_Work instruction:_ If pictures appear, leave them out, and return exactly the lines from the one holding "EXC CND Dressy" through the last line of the listing below.

** Data segment follows **

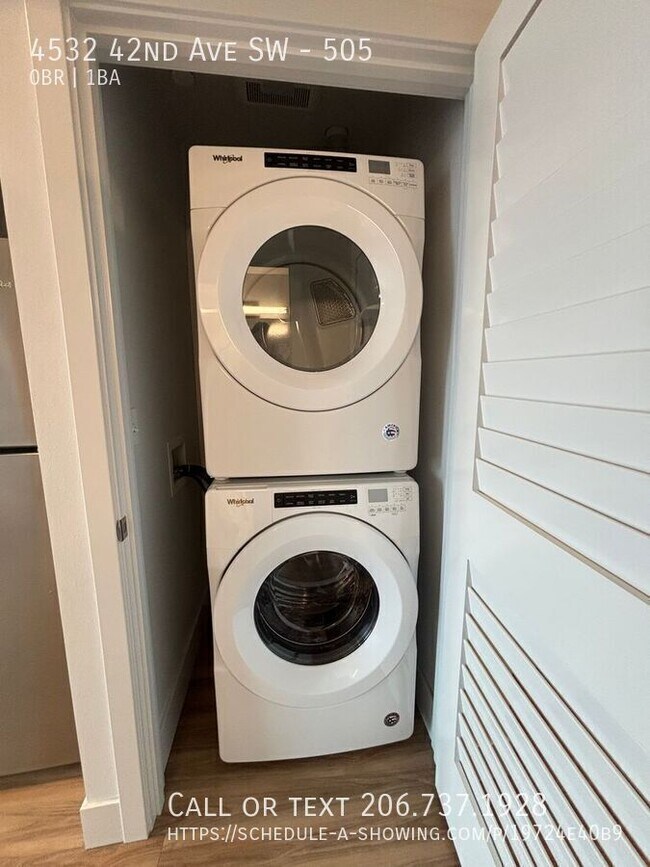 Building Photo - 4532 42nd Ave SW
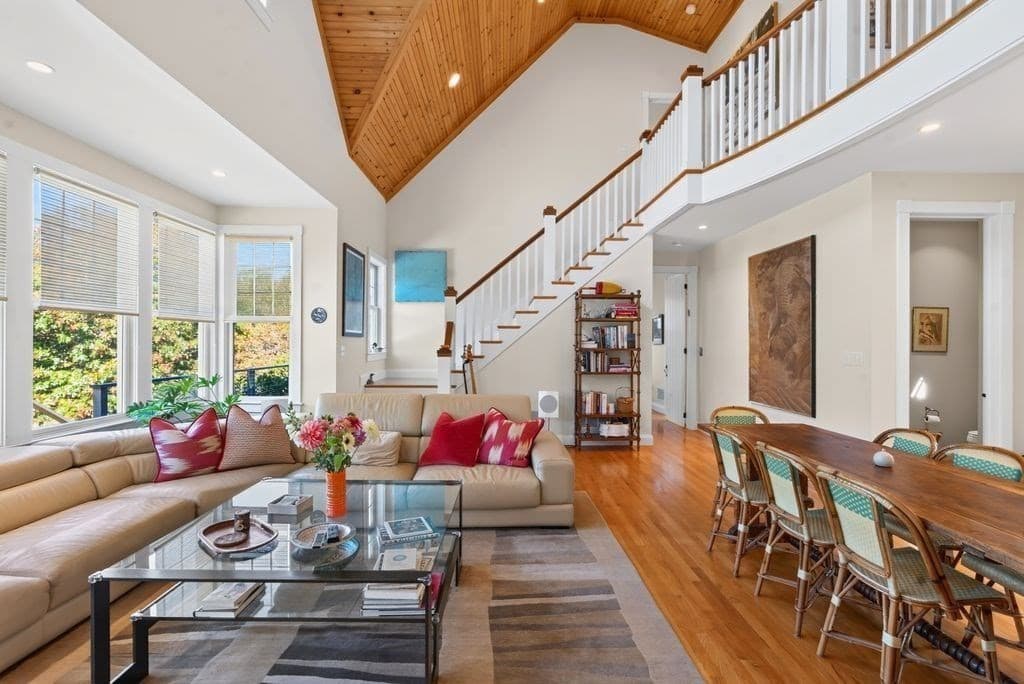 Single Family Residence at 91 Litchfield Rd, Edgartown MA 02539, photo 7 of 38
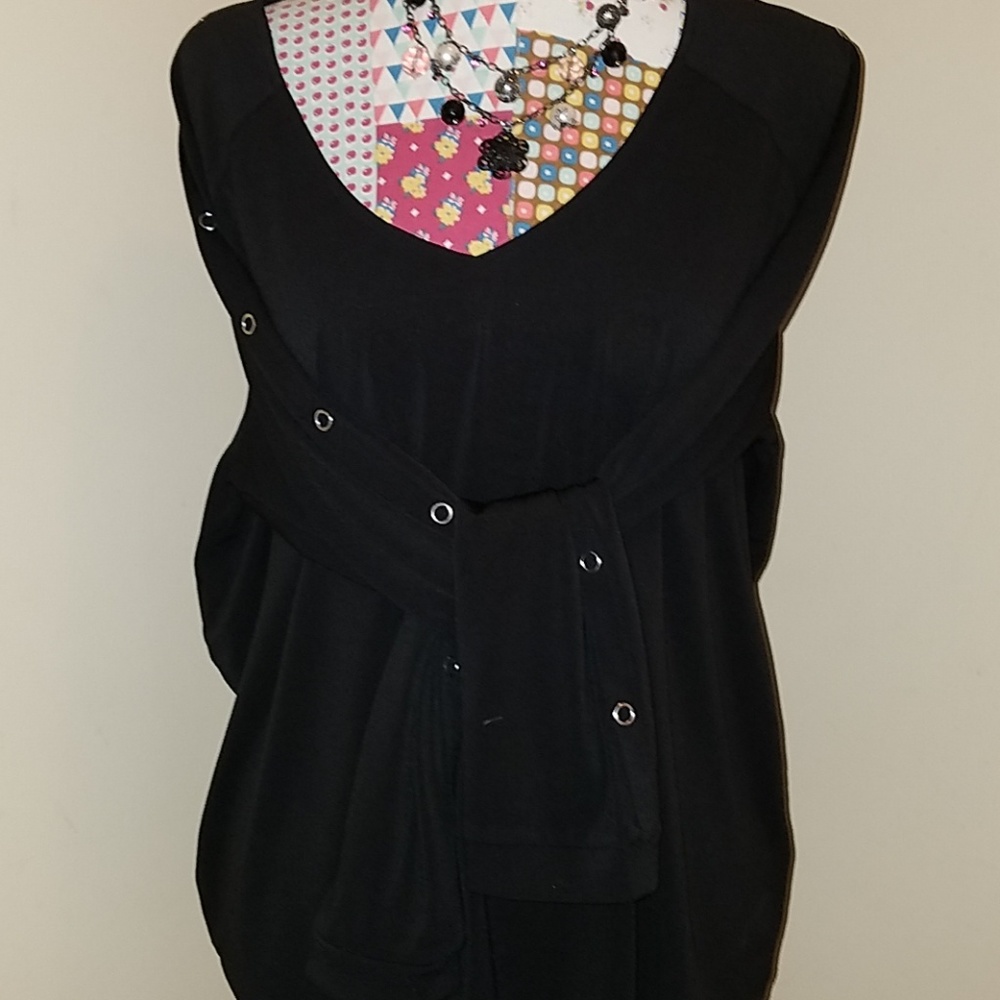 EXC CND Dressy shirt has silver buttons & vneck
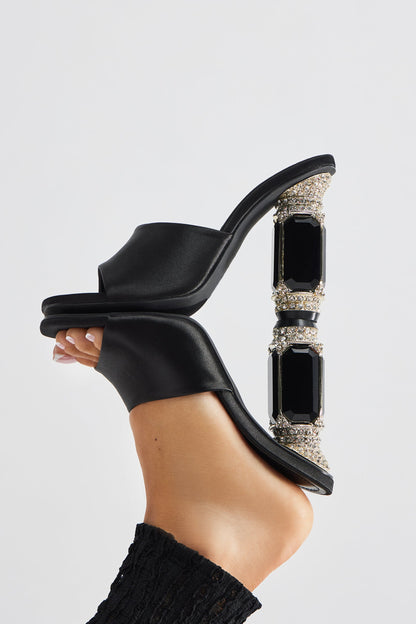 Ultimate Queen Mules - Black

** End of Data segment **

_Solution:_
 EXC CND Dressy shirt has silver buttons & vneck
 Ultimate Queen Mules - Black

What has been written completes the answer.